A população da chamada Terceira Idade no Brasil cresce a cada ano e já sente os efeitos de mudanças positivas nos cuidados da saúde, que significam mais expectativa de vida. E esta turma grande está buscando o espaço que merece num país ainda bastante preconceituoso e ingrato, que, muitas vezes, usa as palavras “velho” e “idoso” de maneira pejorativa e até debochada. Quem dera se pudéssemos ainda entender, como alguns povos orientais, a magnitude e o respeito pelo envelhecimento! É um caminho natural, como o é a morte física. Nada mais.

Milhares de famílias nordestinas têm sobrevivido, em tempos de seca voraz, única e exclusivamente do dinheiro dos aposentados. A aposentadoria rural de um salário mínimo representa para uma boa fatia da população interiorana daquela região a única fonte de sobrevivência. São homens e mulheres (principalmente estas) que continuam a exercer integralmente o papel de pais – tanto de seus filhos quanto dos filhos destes. Ser “avohai”, como canta Zé Ramalho, é ter que agir com a sabedoria e paciência dos avós e a firmeza e agilidade dos pais.

E mesmo longe do Nordeste ou dessa realidade social tão castigada, muitos são os que terminam vivenciando, na prática, essa condição de “avohais”. As vovós, então, são verdadeiras bênçãos para muitos casais que não podem dar assistência integral a seus filhos. Considerando-se aquele velho e questionável ditado de que “ser mãe é padecer no paraíso”, uma avó que ajuda cotidianamente a cuidar dos netos pode perfeitamente afirmar que vive um padecimento em dose dupla.

Como não há um ditado parecido para o pai, nem ele como avô é tão responsável pelas tarefas mais “árduas” ao cuidar dos netos, sobra mesmo para as vovós os louros dessa “batalha”. Já é bastante comum os casos de avós que, para ajudar os filhos, assumem em parte a criação dos filhos deles.

Em tempos de crise econômica para quase todos, poucos casais escapam da necessidade de trabalhar fora, e terminam tendo nisso uma séria dificuldade em encontrar tempo disponível para se dedicar aos rebentos. Alguns resolvem a situação deixando os pimpolhos numa creche; outros contam com o serviço de babás; e outros, seja por conta do orçamento apertado, seja por não confiarem em estranhos, preferem solicitar uma ajudinha daqueles que já têm muita tarimba no assunto, não representam despesa extra (ao contrário!) e são totalmente confiáveis.

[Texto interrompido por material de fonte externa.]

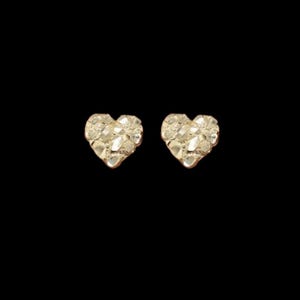 May include: A pair of gold heart-shaped earrings with a textured surface.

Na psicologia há quem defenda a tese de que uma criança criada por pais e avós simultaneamente possa vir a sofrer uma desestruturação no seu modo de entender e vivenciar o mundo. A corrente que defende esta linha ressalta que o choque de gerações pode incutir na cabeça dessa criança valores muitas vezes contraditórios, levando-a a sérios conflitos de idéias e de comportamento.

Outros psicólogos, no entanto, vêem nesse tipo de criação um fator positivo na educação infantil. Os argumentos giram em torno do amor e cuidados normalmente dispensados pelos avós, que, mesmo estando em contato frequente com seus netos, ajudando na criação deles, a maior referência para a criança continuará sendo os seus pais.

Estudos da área afirmam que até o segundo ano a criança vive uma relação de simbiose com a mãe, mantendo-se bastante próxima dela. Já aos três anos entra a percepção mais aguçada da figura do pai, passando aí a haver uma relação triangular. Se outras pessoas, como os avós, participam de perto da sua criação, há uma possibilidade maior do vínculo com os pais não se tornar algo tão fechado e que possa até mesmo limitar a sua vida.

Independentemente da corrente que possa estar mais próxima da verdade, o que não se pode perder de vista é o valor maior que existe na Terceira Idade. Há nesta fase uma sabedoria de vida que pouco tem a ver com classe social ou conhecimento intelectual. Ela está intimamente relacionada com a capacidade de superar os muitos limites comuns da vida, que são obstáculos quase intransponíveis durante a juventude.